Verde Frederico A Lima, Verde Francisco A A Lima, Veronese Francisco José V, Neto Augusto S, Fuc Galdino, Verde Emir M Lima
Instituto de Nefrologia do Ceará, Fortaleza, Ceará, Brasil.
Rev Inst Med Trop Sao Paulo. 2010 Sep-Oct;52(5):253-8. doi: 10.1590/s0036-46652010000500006.
There are few reports linking hyponatremia and visceral leishmaniasis (kala-azar). This is a study of 55 consecutive kala-azar patients and 20 normal individuals as a control group. Hyponatremia and serum hypo-osmolality were detected in 100% of kala-azar patients. High first morning urine osmolality (750.0 ± 52.0 vs. 894.5 ± 30.0mOsm/kg H₂O, p < 0.05), and high 24-hour urine osmolality (426.0 ± 167.0 vs. 514.6 ± 132.0 mOsm/kg H₂O, p < 0.05) demonstrated persistent antidiuretic hormone secretion. Urinary sodium was high (82.3 ± 44.2 vs.110.3 ± 34.7 mEq/L, p < 0.05). Low seric uric acid occurred in 61.8% of patients and increased fractional urinary uric acid excretion was detected in 74.5% of them.
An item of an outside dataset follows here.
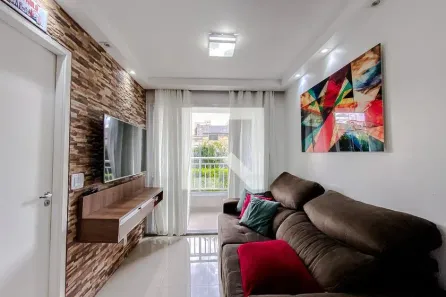 Apartamento com 1 Quarto à venda, 33m² no Catumbi, São Paulo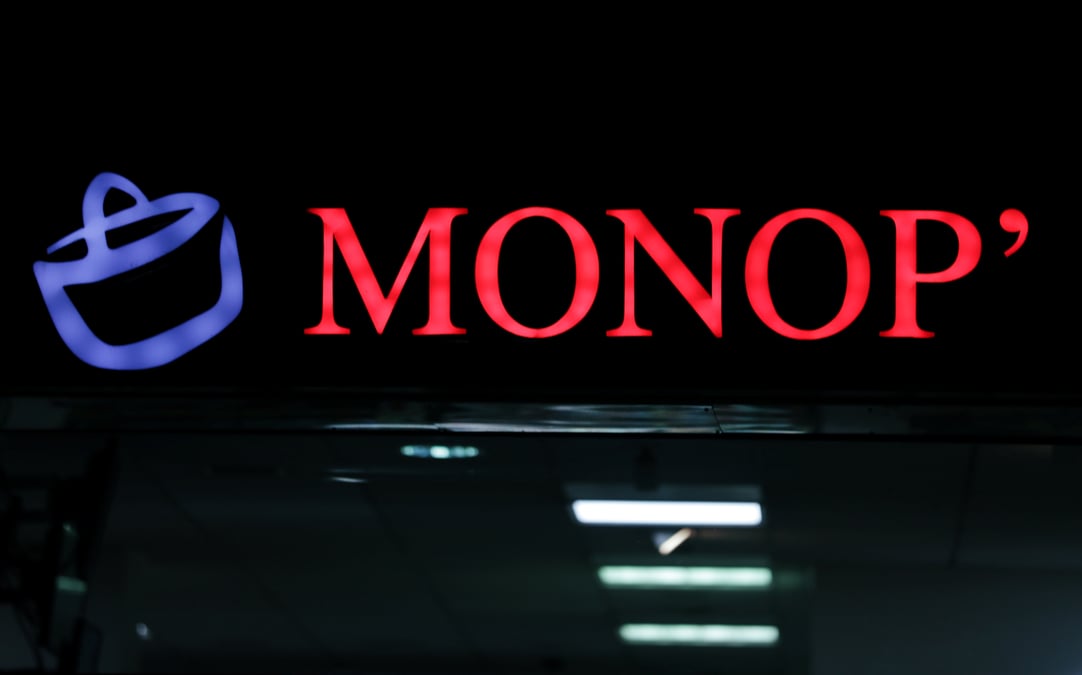 Mochet remplace schultz en tant que president de monoprix (casino)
Increased glomerular filtration rate was present in 25.4% of patients. There was no evidence of extracellular volume depletion. Normal plasma ADH levels were observed in kala-azar patients. No endocrine or renal dysfunction was detected. It is possible that most hyponatremic kala-azar patients present the syndrome of inappropriate antidiuretic hormone secretion.
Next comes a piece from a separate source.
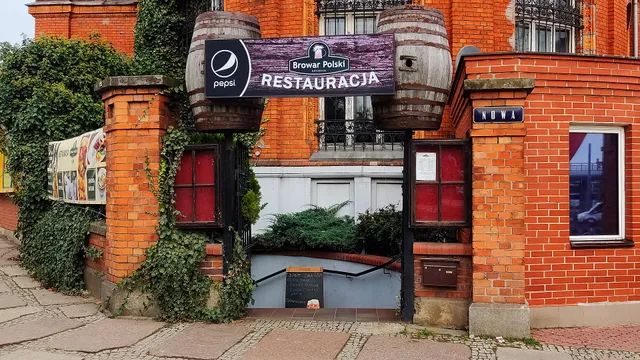 Polish Brewery Music Club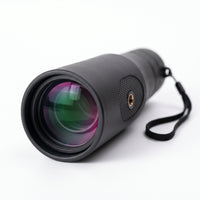 Objectif 50 mm du monoculaire zoom Solo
很少有报告将低钠血症与内脏利什曼病(黑热病)联系起来。本研究纳入了55例连续的黑热病患者,并以20名正常个体作为对照组。100%的黑热病患者检测到低钠血症和血清低渗。晨尿渗透压较高(750.0±52.0对894.5±30.0mOsm/kg H₂O,p<0.05),24小时尿渗透压较高(426.0±167.0对514.6±132.0 mOsm/kg H₂O,p<0.05),表明抗利尿激素持续分泌。尿钠较高(82.3±44.2对110.3±34.7 mEq/L,p<0.05)。61.8%的患者血清尿酸降低,74.5%的患者尿尿酸排泄分数增加。25.4%的患者肾小球滤过率增加。没有细胞外液量减少的证据。在黑热病患者中观察到血浆抗利尿激素水平正常。未检测到内分泌或肾功能障碍。大多数低钠血症黑热病患者可能存在抗利尿激素分泌不当综合征。